こうした中で株価も急落した。1998年7月半ばには9,000米ドルを大きく上回っていたNYダウが、8月末には7,500米ドル程度まで、最大で2割程度もの下落となったのである(図表2参照)。そして、FRBは9月に利下げを決定。さらに10、11月と3ヶ月連続で実施し、金融危機を収束させることに成功したのである。

【図表2】NYダウの推移(1997~1999年)
出所:リフィニティブ社データよりマネックス証券が作成

さて、3月に入りSVB(シリコンバレー銀行)の経営破綻をきっかけに金融システム不安が急拡大すると、米2年債利回りは急激に低下し、3月22日に5%まで引き上げられた政策金利FFレートの誘導目標上限を1%以上と大幅に下回った(図表3参照)。ここまでは、既に見てきた1998年の「LTCMショック」をきっかけに金融システム不安が急拡大した局面とよく似ている。では今回も、1998年のように、FRBは市場金利低下を追認するように早期に利下げへ転換することになるのだろうか。

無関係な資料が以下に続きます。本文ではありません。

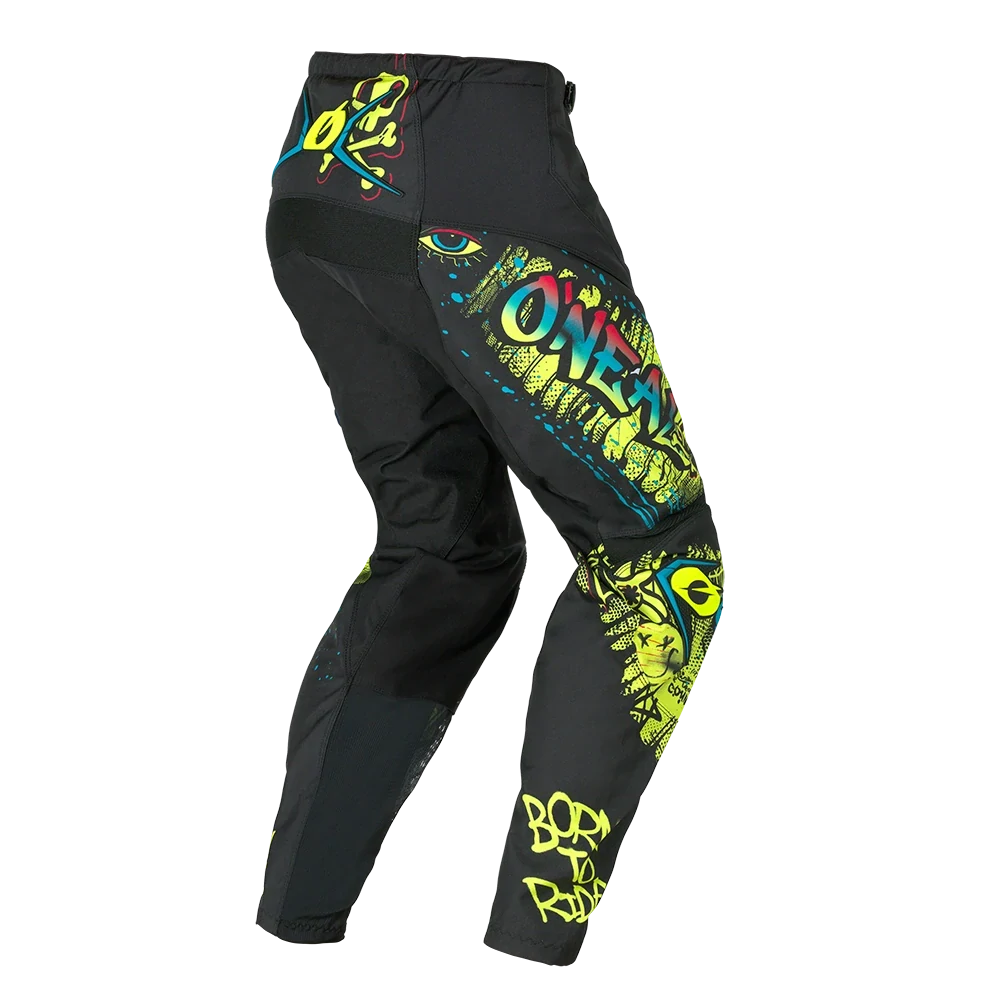 a Dětský motokrosový / enduro komplet kalhot a dresu ONEAL ELEMENT RANCID barva černá/neonově žlutá velikost 26 + L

【図表3】米2年債利回りとFFレート(2018年~)
出所:リフィニティブ社データよりマネックス証券が作成

ただこれまでのところ、FRBは早期の利下げを否定している。これは、1998年とは異なる点がいくつかあるからだろう。その1つが株安だ。上述のように1998年は、金融システム不安が広がる中で、NYダウは約1ヶ月半で2割程度もの下落となった。これに対して、今回の場合、2月高値からのNYダウの最大下落率は先週までに1割未満にとどまっている(図表4参照)。

【図表4】NYダウの推移(2020年1月~)
出所:リフィニティブ社データよりマネックス証券が作成

中央銀行の金融システム不安への対応は、「最後の貸し手」などプルーデンス政策(信用秩序維持政策)が基本だ。利下げといった金融政策は、あくまで景気や物価対策で発動される。その意味では、1998年と異なり、株安がまだ限られる中でFRBが利下げに転換する可能性は低い。

1998年のようにNYダウが2割の下落となるなら、今回の場合2万8000米ドル割れを目指すような動きになってはじめて先行きの景気急悪化回避のために利下げへの転換が検討されるだろう。

もう1つの1998年との違いは、現在、インフレだということ。1998年はすでに見てきたように、FRBが3ヶ月連続の利下げに動く中で、金融危機は収束に向かい、さらに翌1999年にかけて後にITバブルの株高と呼ばれた株価の一段高が起こった。今回の場合、まだインフレが続いている。そのことも考えると、バブルの株高を再燃させかねない大幅な利下げに対して、FRBはより慎重になるのではないか。